■ TASK DETAILS: Each line below has to be output exactly, from first to last.

■ DATASET CONTENT:
————————
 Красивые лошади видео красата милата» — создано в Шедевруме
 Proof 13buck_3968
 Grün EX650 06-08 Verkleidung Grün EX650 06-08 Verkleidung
————————
■ EXERCISE RESULT:
 Красивые лошади видео красата милата» — создано в Шедевруме
 Proof 13buck_3968
 Grün EX650 06-08 Verkleidung Grün EX650 06-08 Verkleidung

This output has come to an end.